028 上級ダンジョン1
上級ダンジョン地下1階……
タピオはイロナを部屋の端に連れて行き、コソコソと作戦会議を行う。
「ここは地下60階まであるから、20階まではこの装備で行きたいんだ。それまでの攻撃は任せていいか?」
「何故だ?」
「武道家で登録しているからな。人が減る階層になってから、徐々に装備を整えていこうと思う。でも、盾役は任せてくれ」
「ふむ。わかった」
簡単な作戦を擦り合わせると、二人は歩き出す。そうして細い道を抜けたら、いきなり鎧を着たゴブリンジェネラルと五匹のゴブリンが現れた。

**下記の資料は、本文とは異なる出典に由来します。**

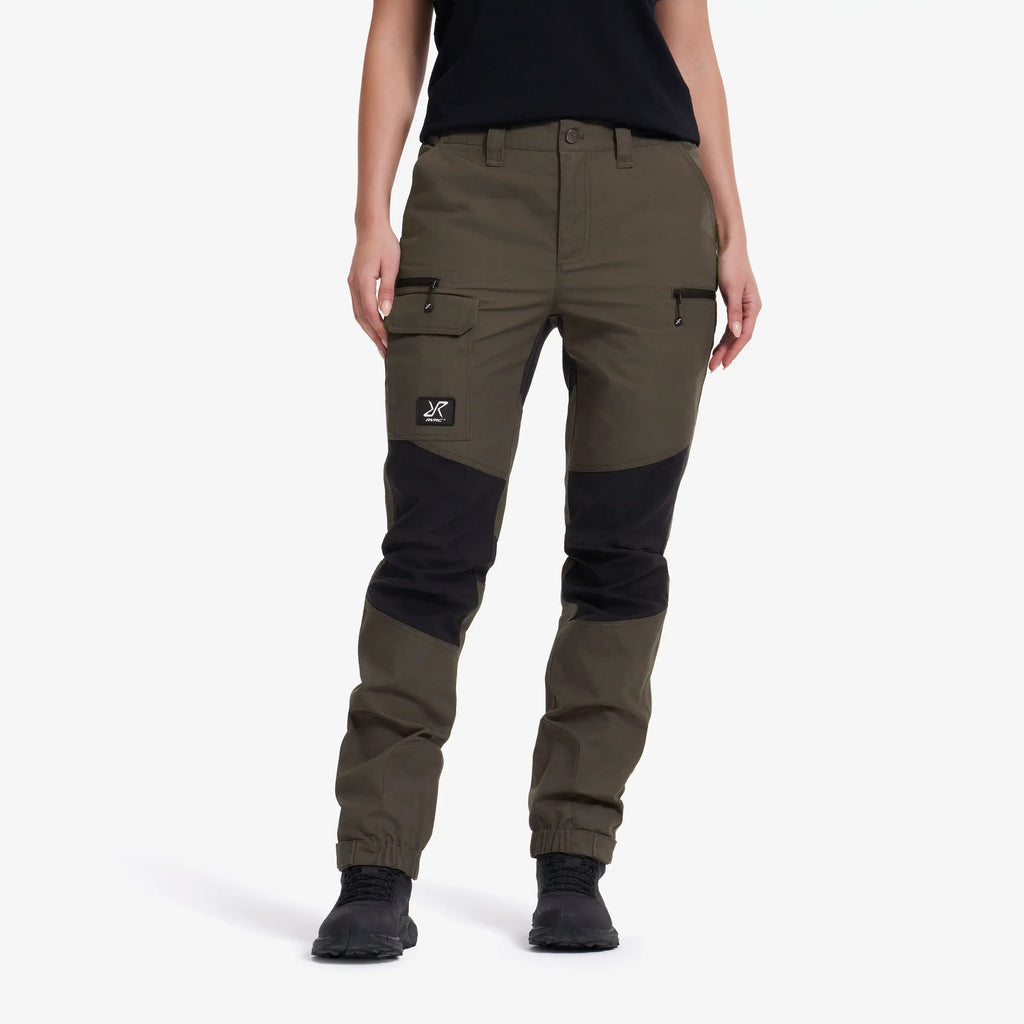 Nordwand Trousers Women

タピオは獲物が目に入った瞬間、ゴブリンジェネラルに突撃。ゴブリンを跳ね飛ばし、タピオと同じぐらいの大きさのゴブリンジェネラルが振った剣を、腕の部分を握って止める。
タピオにくっつかれたゴブリンジェネラルは、タピオを引き離そうと逆の手で殴ろうとするが、タピオはその手も握って動けないようにした。
イロナはタピオが突撃した瞬間に駆け出し、タピオが跳ね飛ばして倒れているゴブリンに剣を突き刺したり足で踏み潰したりして、簡単に息の根を止める。
ザコを一掃してタピオに追い付いたイロナは状況を見て、ゴブリンジェネラルに攻撃しようか悩む。
「主殿。もう、自分で倒したらどうだ?」
「ん? ああ。そうするか」
タピオはすでにゴブリンジェネラルの両手を握り潰し、腕力で押し潰していたのでイロナの出番は必要なかった。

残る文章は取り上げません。